Darf die Partei die den Kanzler stellt, mehr umsetzten?

Hallo,
darf die Partei die den Kanzler stellt, mehr von ihrem Programm umsetzten oder entscheiden es alles Koalitionsgespräche wie man sich einig wird? Entscheiden bei Koalitionsgesprächen die Wählerstimmen oder kann eine Partei die viel weniger Stimmen hat bei Koalition auch genau so viel fordern wie die andere Partei(en)?

Theoretisch kann auch passieren, dass die Partei von den meisten Stimmen nicht den Kanzler aufstellen kann, richtig? z.b. mit der Partei will keiner koalieren. Gibt es auch andere Wege?

Ist es irrelevant für Programmumsetztung ob z.b. CDU oder SPD den Kanzler aufstellt so lange sie zusammen koalieren?
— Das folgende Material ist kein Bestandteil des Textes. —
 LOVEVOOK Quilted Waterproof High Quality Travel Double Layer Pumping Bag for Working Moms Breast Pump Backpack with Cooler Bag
Innerhalb einer Koalition ist es bis jetzt immer so gewesen, dass der Partner mit den meisten Mandaten im Bundestag auch den Kanzler stellte.
Als „stärkerer“ Koalitionspartner wird diese Partei auch versuchen, im Koalitionsvertrag mehr ihrer eigenen Ideen umzusetzen.

Andererseits versucht die kleinere Partei natürlich, sich „so teuer wie möglich zu verkaufen“.

Es kommt auf das Verhandlungsgeschick an, es kommt auch auf die Kompromissbereitschaft der Beteiligten an und darauf, wie „machtgeil“ man jeweils ist.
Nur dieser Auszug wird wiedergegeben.